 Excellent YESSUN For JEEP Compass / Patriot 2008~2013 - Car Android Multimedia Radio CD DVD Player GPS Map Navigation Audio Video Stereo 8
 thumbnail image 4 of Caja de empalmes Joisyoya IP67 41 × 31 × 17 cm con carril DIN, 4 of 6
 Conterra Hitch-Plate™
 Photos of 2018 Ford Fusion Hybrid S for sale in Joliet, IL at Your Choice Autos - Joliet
========================
- **Exercise description**
Every line above should be transcribed exactly.

- **Output for this task**
 Excellent YESSUN For JEEP Compass / Patriot 2008~2013 - Car Android Multimedia Radio CD DVD Player GPS Map Navigation Audio Video Stereo 8
 thumbnail image 4 of Caja de empalmes Joisyoya IP67 41 × 31 × 17 cm con carril DIN, 4 of 6
 Conterra Hitch-Plate™
 Photos of 2018 Ford Fusion Hybrid S for sale in Joliet, IL at Your Choice Autos - Joliet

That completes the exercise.